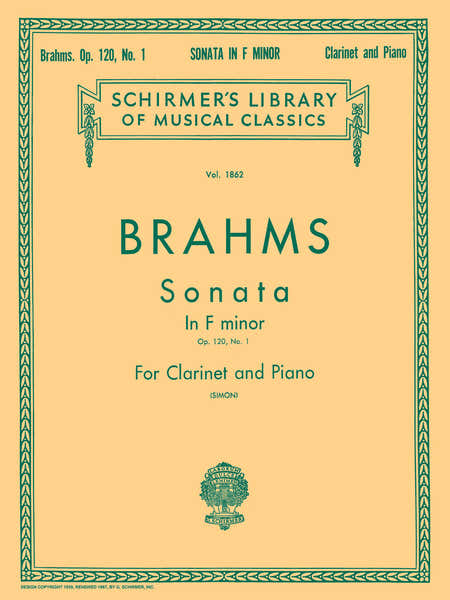 Schirmer Sonata in F Minor Op. 120 No. 1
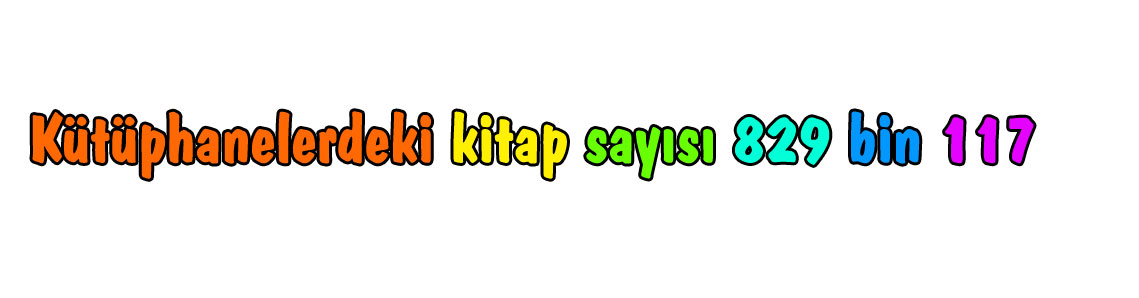 Kütüphanelerdeki kitap sayısı 829 bin 117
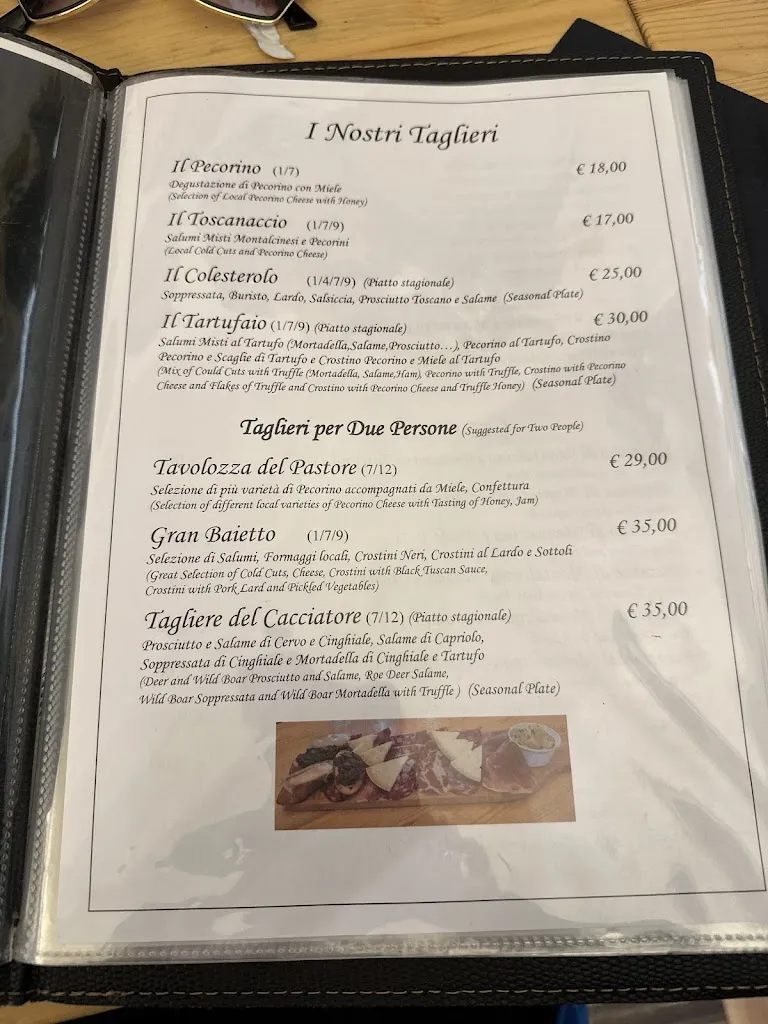 Menu_La Taverna di Baietto_Montalcino_image_2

**What needs to be done**
The pictures should be dropped, and every line above should be set down again exactly.

**Solution to the exercise**
 Schirmer Sonata in F Minor Op. 120 No. 1
 Kütüphanelerdeki kitap sayısı 829 bin 117
 Menu_La Taverna di Baietto_Montalcino_image_2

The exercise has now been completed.